Identifying & Targeting Prospective Buyers

Goal: Merge Information onto a National Household Database for a Direct Mail Campaign

By: Bob Ceurvorst, Decision Systems Group, Market Facts, Inc.

Market Facts Inc. (http://www.bloomberg.com/profiles/companies/1655066D:US-market-facts-inc) is an international custom market research consulting company specializing in collecting and processing information to assist clients with strategic and tactical business decisions. The company designs, executes, and interprets market research conducted on behalf of its clients for applications ranging from new product ideas to brand loyalty. Their clients include most of the largest 100 multinational consumer products and services companies, as well as business-to-business firms and other organizations.

Market Facts conducted a large, multi-country project for a client interested to determine who are the best prospects for purchasing an in-vehicle navigation system (IVNS) with their next new car or truck, and why. Realistically, most people are unlikely to buy this type of product in the near future, so segmentation is necessary to identify likely prospects. Since few vehicle manufacturers have offered IVNS’s in the past (although the number is growing) and few customers have purchased them, current owners are not representative of potential future owners. For these reasons, prospects were identified via a segmentation (cluster analysis) of consumers based on their responses to 30 attitude statements covering their driving patterns, competence and comfort using maps and directions, and opinions (pro and con) about IVNS’s. Five segments were identified, of which two were good target markets: “Road Warriors” who drive a great deal, often in unfamiliar areas, and “Security Seekers” who need directional help and view IVNS’s as providing welcome safety. The same five segments emerged in an independent analysis of European consumers giving additional credence to the cluster structure.

In order to target likely Road Warrior and Security Seeker households throughout the U.S. via direct mail, it was necessary to develop an algorithm to identify them using information available in a national 100-million+ household database. Using only data available in the national household database, WizWhy yielded rules that classified 80% of the surveyed U.S. households correctly as in or out of the Road Warrior group (recovering all of the Road Warriors) and 84% correctly as in or out of the Security Seeker group (recovering most of the Security Seekers).

To compare WizWhy’s performance versus the more commonly used decision tree approach, an experienced data miner at the company housing the national household database used decision trees to develop an algorithm to predict Road Warriors. After several runs, the best result he obtained was two splits, resulting in too few ending nodes and naturally, poor predictive accuracy.
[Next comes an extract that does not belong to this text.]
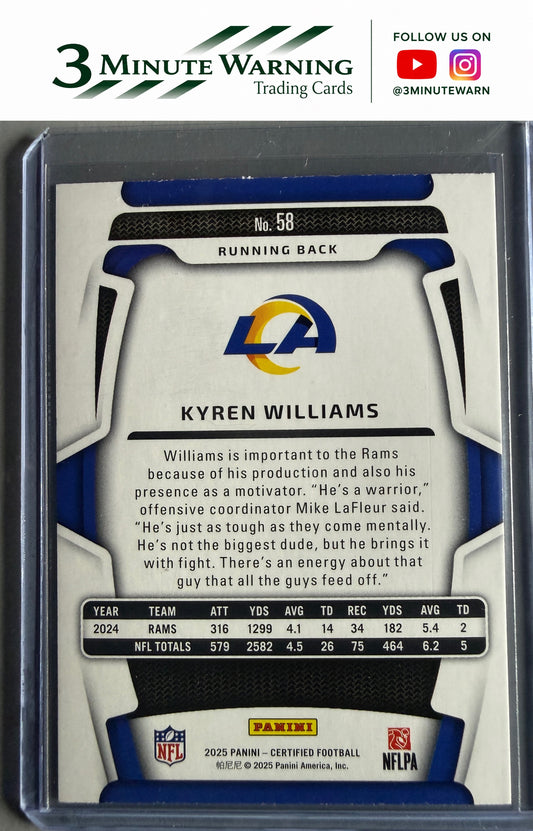 2025 Panini Certified #58 Kyren Williams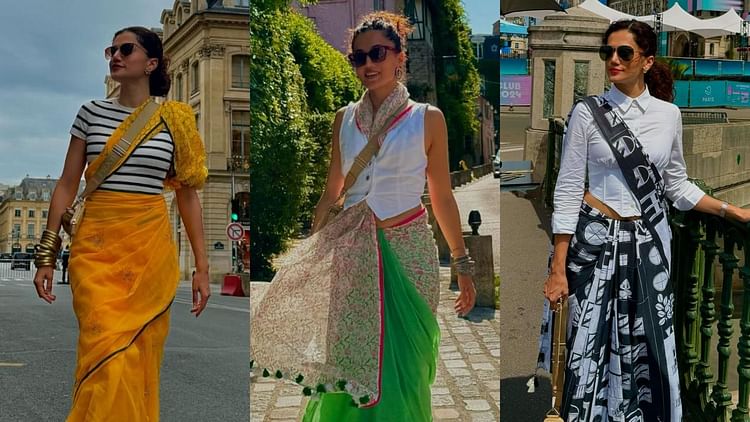 Phir Aayi Hasseen Dillruba Actress Taapsee Pannu Saree Look In Paris Olympics - Amar Ujala Hindi News Live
WizWhy is especially useful in cases where the number of records available for analysis is not large. Decision trees are hampered by the fact that (a) the small initial sample is carved into even smaller pieces as the analysis progresses and (b) the resulting rules are all nested. The discovered rules in a decision tree with k levels would certainly appear in the WizWhy rule set allowing up to k predictors in a rule. However WizWhy produces many more useful and statistically significant rules, all derived using all of the records.